(Supplied material)

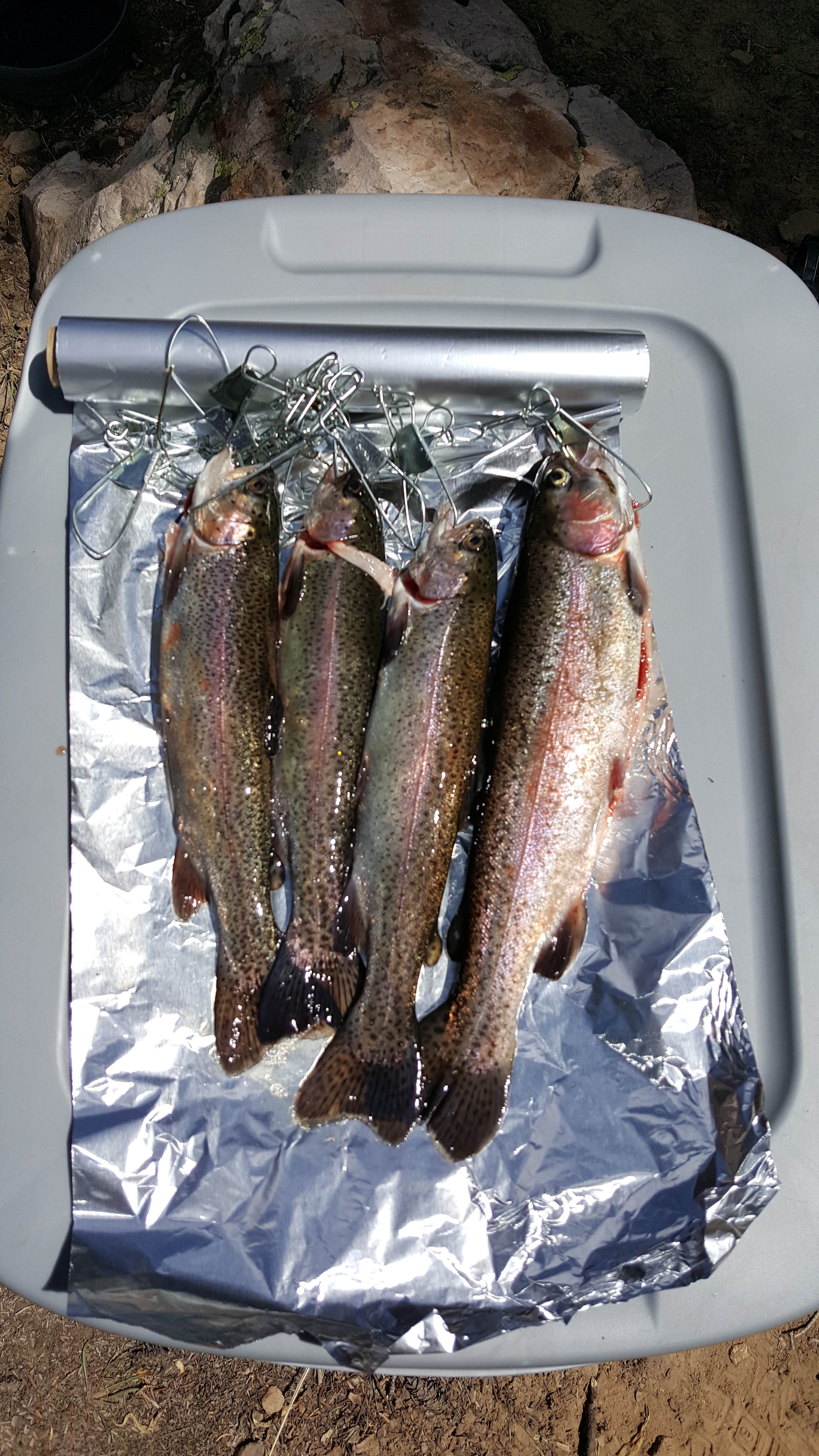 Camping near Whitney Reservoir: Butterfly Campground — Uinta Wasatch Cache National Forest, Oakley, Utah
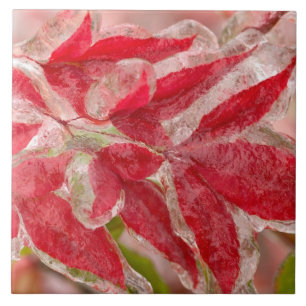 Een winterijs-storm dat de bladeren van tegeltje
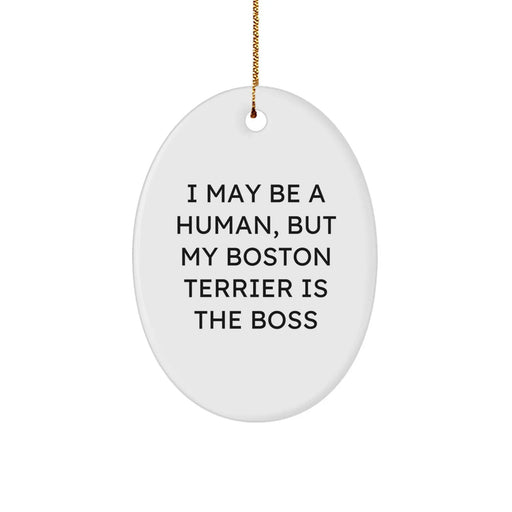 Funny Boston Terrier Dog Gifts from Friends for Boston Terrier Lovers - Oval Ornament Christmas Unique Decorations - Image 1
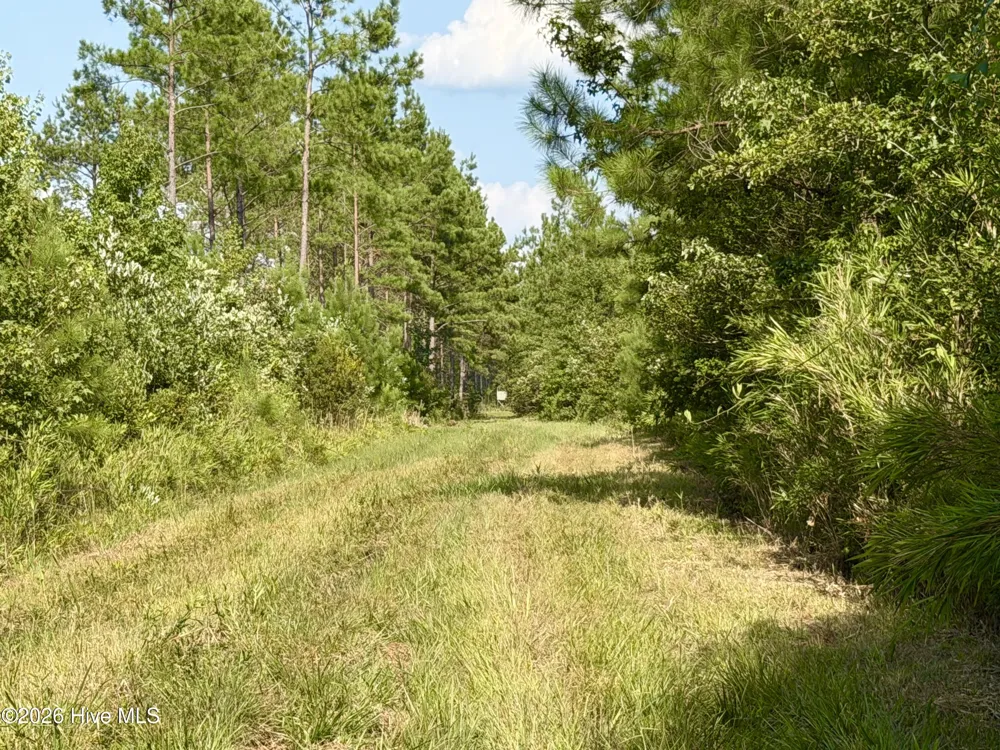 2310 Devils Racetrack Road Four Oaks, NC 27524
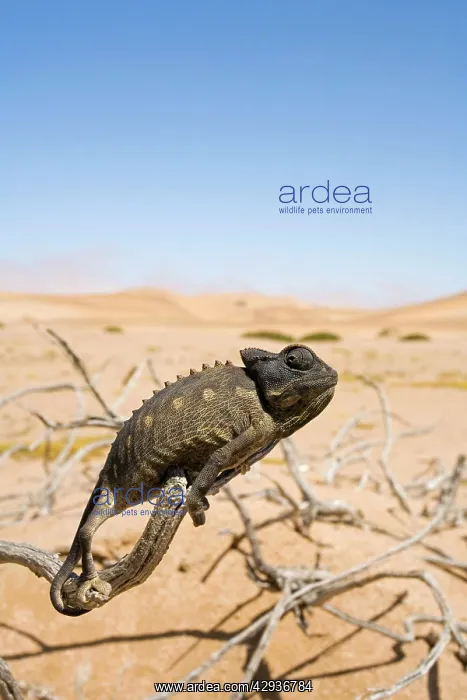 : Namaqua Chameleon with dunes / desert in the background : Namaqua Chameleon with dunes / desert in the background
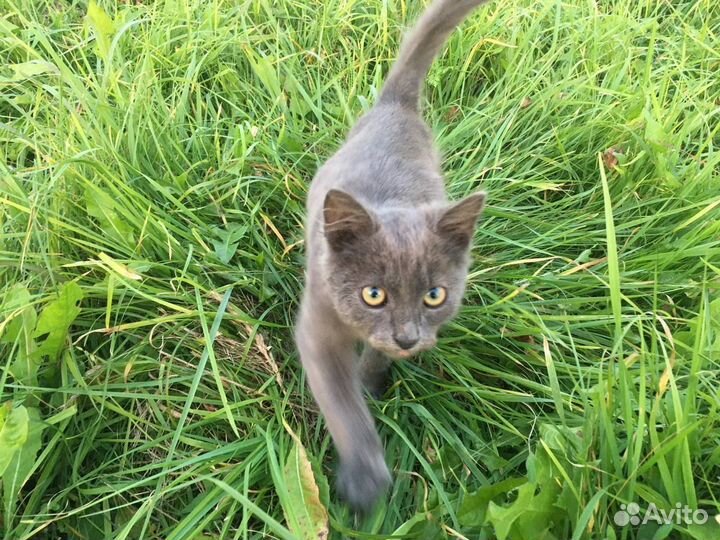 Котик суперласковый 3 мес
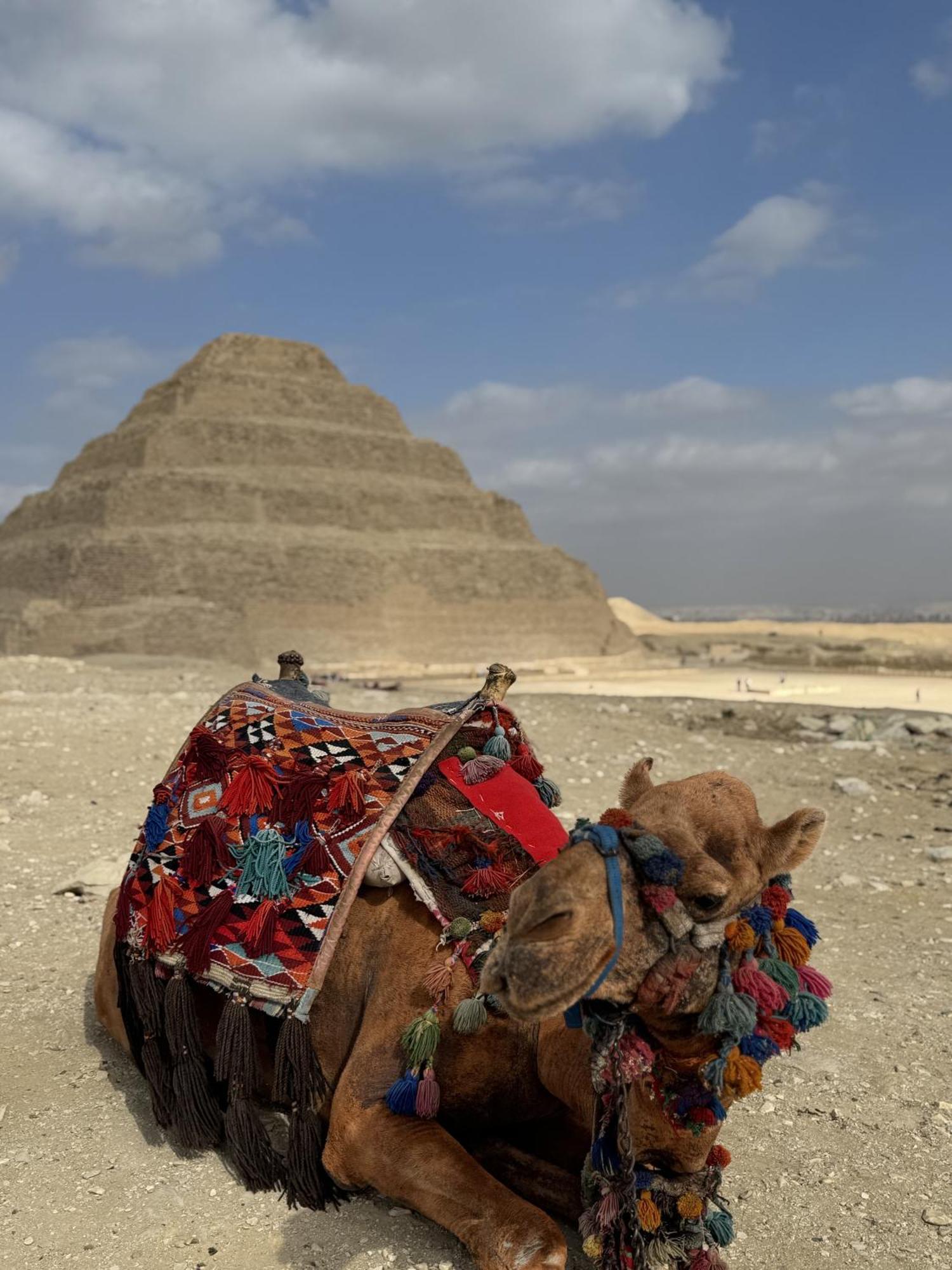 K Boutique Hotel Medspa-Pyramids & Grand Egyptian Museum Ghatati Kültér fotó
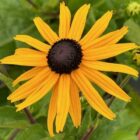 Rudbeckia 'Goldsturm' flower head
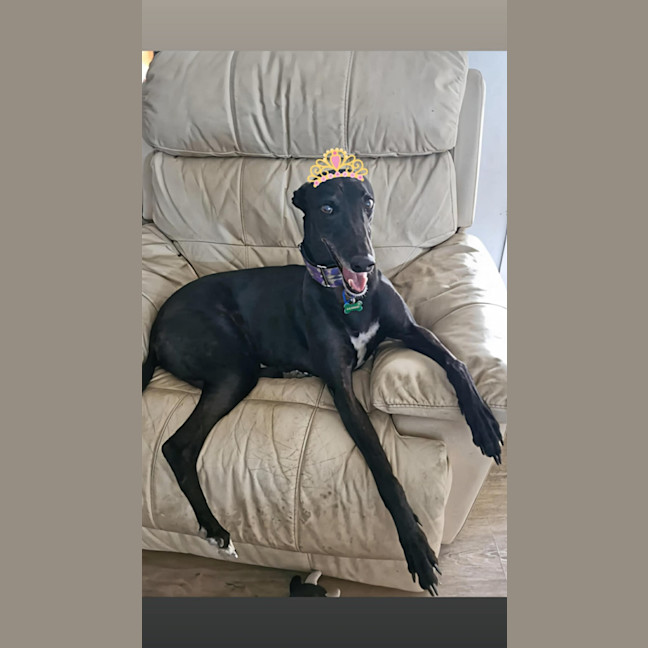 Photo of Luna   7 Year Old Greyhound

(End Supplied material)

• _Exercise goal_
Transcribe all of the material exactly and leave out its pictures.

• _Answer for the task_
 Camping near Whitney Reservoir: Butterfly Campground — Uinta Wasatch Cache National Forest, Oakley, Utah
 Een winterijs-storm dat de bladeren van tegeltje
 Funny Boston Terrier Dog Gifts from Friends for Boston Terrier Lovers - Oval Ornament Christmas Unique Decorations - Image 1
 2310 Devils Racetrack Road Four Oaks, NC 27524
 : Namaqua Chameleon with dunes / desert in the background : Namaqua Chameleon with dunes / desert in the background
 Котик суперласковый 3 мес
 K Boutique Hotel Medspa-Pyramids & Grand Egyptian Museum Ghatati Kültér fotó
 Rudbeckia 'Goldsturm' flower head
 Photo of Luna   7 Year Old Greyhound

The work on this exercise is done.